Changing the baud rate, no difference.
Adding different delays after the Serial.begin().
I'm using a genuine Arduino Nano ESP32, Arduino IDE 2.2.1 and Windows 10.
My sketch is the same as yours, except that I use "D5" for the LED.
It'll stay stuck till you actually bring up SerialMonitor (if its window isn't active then it won't go anywhere).
Yes, the serial monitor is set to 9600. I tried changing from D13 to D5. With while(!Serial), the code never started running. Replacing it with a 1000ms delay made the program start running, but still nothing in the serial monitor.
I used your 9600, forgetting about my 19200 (usual) - and it still worked.
Unexpected.
I changed it to 9600 and it works that way. If SerMon wasn't active initially, it sat dark, but calling up SerMon resulted operation as expected.
This is driving me insane!
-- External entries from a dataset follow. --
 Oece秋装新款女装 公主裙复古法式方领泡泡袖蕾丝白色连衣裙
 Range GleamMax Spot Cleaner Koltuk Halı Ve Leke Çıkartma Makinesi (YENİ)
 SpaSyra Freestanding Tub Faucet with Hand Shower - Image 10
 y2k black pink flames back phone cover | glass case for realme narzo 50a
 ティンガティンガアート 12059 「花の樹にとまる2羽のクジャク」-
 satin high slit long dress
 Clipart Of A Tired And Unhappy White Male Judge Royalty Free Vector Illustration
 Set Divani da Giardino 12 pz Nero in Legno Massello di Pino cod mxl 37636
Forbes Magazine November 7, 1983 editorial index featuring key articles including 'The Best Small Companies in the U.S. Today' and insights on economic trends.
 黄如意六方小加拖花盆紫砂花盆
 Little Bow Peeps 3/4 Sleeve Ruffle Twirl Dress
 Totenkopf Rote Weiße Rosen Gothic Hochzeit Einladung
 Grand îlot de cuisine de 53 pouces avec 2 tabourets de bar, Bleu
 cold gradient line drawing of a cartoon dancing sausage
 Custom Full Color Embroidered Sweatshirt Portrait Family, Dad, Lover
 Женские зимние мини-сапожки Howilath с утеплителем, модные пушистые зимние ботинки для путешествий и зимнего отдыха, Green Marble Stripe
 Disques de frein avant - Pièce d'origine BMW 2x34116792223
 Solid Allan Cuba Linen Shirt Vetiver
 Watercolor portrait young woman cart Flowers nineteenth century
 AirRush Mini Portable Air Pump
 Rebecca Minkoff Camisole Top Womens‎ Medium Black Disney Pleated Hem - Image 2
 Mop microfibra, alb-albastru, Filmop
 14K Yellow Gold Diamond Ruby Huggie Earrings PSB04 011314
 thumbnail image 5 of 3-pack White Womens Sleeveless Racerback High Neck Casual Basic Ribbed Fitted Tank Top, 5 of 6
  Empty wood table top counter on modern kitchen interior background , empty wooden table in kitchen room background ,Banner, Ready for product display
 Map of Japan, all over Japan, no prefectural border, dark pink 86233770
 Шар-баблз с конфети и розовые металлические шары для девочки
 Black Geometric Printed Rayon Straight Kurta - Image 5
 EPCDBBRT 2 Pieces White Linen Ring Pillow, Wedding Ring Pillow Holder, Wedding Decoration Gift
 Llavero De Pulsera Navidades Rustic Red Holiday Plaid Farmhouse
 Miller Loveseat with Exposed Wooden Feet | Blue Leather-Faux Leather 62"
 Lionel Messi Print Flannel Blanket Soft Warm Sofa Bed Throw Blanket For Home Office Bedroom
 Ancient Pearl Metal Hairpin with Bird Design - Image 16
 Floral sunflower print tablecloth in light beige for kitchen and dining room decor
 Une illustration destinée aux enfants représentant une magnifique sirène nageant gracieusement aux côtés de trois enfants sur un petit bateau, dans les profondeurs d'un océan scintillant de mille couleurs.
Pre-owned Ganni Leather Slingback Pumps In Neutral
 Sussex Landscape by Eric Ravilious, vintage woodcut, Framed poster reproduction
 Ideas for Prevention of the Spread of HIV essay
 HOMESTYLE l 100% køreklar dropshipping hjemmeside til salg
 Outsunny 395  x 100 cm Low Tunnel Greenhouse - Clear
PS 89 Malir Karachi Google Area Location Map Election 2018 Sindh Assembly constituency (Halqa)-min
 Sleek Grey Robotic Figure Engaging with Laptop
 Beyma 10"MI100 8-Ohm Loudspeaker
I have tried reinstalling the IDE, reinstalling libraries, and now tried going back to 1.8.18. Now, whether I use 1.8.18 or 2.2.1, I keep getting "No DFU capable USB device available" when trying to upload sketches.... Have tried different USB-cables and different USB-ports.
I'm giving up for now.... I have tried four different USB-cables, different USB-ports, different PC's, I have tried using the web IDE, and I keep getting the error "No DFU capable USB device available".
I'm guessing that the Nano ESP32 has possibly gone bad, since I actually could upload programs to it yesterday. I have placed an order for a new Nano ESP32 in the hopes that my current one is broken.
Will update when I have tried the new board, and hopefully this will fix my initial problem with the serial monitor as well.
Hello @schectoo, sorry to hear about that experience! I have a couple questions for you to better understand the issue:
Are you using the "Arduino ESP32 boards" core? If not, please install it - if you already have it, please "Remove" and then "Install" it again. (During the setup phase this installs some drivers that are needed for Windows to see the serial port - make sure to allow it to install, if you are prompted by Windows).
Regarding the "DFU not available" issue on your first board, it can mean the original programming was modified during some of your tests.
After updating the core, please use this procedure to fully reinstall the software on a Nano ESP32.
Also, make sure that in your IDE, the Tools -> USB Mode option is set to Normal mode (TinyUSB).
YEY! Thank you, you absolute legends on this forum! I skipped the double-tap reset, suggested by @runaway_pancake, and went straight to @lburelli second tip regardning "DFU not available". I now can upload sketches again! And even better, I have the serial monitor again!
I'm certain that some of my tests yesterday messed something up with regards to the "DFU"-error, but I can still not figure out why the serial monitor didn't work out of the box.
I was having the same problem. I ended up installing Visual Studio Code and Platformio with the Arduino framework. When I went back to check something with the Arduino ide, it now magically worked.
If the problem just that the Serial monitor isn't working (but the USB connection is okay) there is a simpler workaround. In your code comment out the while line and uncomment the delay line. With recent cores I find that 5000 ms is enough, though originally I needed 15000.
I have done this in my own code and with half a dozen of the built-in examples and it works every time. It seems like something that could be built into the library.